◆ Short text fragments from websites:
● ● ● ●
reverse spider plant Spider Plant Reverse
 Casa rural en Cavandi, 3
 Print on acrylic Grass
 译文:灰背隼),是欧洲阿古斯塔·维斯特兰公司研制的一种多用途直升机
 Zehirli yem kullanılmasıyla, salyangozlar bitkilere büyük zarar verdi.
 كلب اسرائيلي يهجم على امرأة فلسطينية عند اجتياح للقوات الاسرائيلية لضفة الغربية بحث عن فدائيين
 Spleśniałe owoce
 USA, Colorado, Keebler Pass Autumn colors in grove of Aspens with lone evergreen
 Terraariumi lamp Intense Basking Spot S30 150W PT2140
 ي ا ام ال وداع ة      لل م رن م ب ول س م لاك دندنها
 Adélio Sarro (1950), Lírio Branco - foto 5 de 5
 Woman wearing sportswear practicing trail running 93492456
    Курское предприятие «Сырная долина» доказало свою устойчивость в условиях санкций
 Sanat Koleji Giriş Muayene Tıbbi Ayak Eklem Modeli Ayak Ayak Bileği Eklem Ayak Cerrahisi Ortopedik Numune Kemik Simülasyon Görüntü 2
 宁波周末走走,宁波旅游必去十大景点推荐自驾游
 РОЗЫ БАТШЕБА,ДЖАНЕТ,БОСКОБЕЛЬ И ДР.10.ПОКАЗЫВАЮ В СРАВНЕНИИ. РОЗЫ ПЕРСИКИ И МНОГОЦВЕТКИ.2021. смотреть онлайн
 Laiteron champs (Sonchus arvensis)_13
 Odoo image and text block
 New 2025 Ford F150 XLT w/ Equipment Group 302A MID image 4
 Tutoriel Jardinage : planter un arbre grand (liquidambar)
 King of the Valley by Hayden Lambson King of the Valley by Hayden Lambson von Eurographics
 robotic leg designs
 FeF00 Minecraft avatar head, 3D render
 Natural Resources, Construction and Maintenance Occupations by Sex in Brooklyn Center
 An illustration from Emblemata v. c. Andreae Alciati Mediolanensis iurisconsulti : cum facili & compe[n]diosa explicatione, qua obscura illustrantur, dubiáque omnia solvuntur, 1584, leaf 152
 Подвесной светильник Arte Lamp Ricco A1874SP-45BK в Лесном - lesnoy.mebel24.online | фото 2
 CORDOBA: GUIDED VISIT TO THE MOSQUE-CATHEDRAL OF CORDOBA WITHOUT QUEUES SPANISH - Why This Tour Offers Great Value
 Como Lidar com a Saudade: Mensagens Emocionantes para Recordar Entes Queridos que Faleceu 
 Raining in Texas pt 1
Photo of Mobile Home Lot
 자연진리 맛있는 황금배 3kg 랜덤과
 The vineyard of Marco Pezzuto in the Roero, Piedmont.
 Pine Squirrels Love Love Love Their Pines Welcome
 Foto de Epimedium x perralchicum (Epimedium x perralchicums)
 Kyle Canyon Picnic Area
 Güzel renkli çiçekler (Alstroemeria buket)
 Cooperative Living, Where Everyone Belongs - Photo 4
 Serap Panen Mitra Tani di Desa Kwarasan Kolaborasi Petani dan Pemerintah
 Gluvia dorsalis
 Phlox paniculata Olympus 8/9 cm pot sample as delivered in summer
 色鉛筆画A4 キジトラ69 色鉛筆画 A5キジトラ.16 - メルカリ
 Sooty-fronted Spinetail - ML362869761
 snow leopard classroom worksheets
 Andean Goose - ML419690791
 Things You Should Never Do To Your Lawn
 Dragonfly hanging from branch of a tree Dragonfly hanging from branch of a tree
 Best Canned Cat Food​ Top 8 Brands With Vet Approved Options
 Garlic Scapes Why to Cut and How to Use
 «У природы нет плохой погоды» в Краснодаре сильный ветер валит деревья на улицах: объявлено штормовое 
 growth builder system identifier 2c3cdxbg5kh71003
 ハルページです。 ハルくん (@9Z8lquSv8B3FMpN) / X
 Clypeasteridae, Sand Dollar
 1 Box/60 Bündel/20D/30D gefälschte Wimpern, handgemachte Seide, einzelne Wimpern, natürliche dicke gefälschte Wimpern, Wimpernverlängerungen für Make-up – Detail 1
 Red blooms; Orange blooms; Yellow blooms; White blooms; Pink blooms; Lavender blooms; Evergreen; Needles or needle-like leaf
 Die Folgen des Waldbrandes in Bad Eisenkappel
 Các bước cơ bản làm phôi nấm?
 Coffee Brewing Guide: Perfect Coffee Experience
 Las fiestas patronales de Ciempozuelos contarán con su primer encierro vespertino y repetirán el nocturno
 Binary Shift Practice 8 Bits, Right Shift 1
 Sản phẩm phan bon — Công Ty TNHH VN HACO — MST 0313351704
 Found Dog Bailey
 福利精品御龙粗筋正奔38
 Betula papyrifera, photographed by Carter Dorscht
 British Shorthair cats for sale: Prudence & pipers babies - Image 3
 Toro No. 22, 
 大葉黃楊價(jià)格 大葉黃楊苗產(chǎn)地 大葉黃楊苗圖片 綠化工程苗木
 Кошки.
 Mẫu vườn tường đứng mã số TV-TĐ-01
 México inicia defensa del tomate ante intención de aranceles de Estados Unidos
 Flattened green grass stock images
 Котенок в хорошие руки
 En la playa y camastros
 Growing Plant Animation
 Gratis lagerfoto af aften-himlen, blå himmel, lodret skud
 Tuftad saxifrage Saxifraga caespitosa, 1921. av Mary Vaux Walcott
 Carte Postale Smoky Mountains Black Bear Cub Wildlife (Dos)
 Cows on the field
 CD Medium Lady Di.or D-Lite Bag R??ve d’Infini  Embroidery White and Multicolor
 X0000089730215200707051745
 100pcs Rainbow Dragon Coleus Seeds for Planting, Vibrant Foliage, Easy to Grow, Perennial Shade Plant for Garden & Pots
● ● ● ●
◆ ASSIGNMENT: Look above and repeat, character for character, the lines from the first one to the line with "Zehirli yem kullanılmasıyla, salyangozlar", counting both.

◆ SOLUTION BELOW:
reverse spider plant Spider Plant Reverse
 Casa rural en Cavandi, 3
 Print on acrylic Grass
 译文:灰背隼),是欧洲阿古斯塔·维斯特兰公司研制的一种多用途直升机
 Zehirli yem kullanılmasıyla, salyangozlar bitkilere büyük zarar verdi.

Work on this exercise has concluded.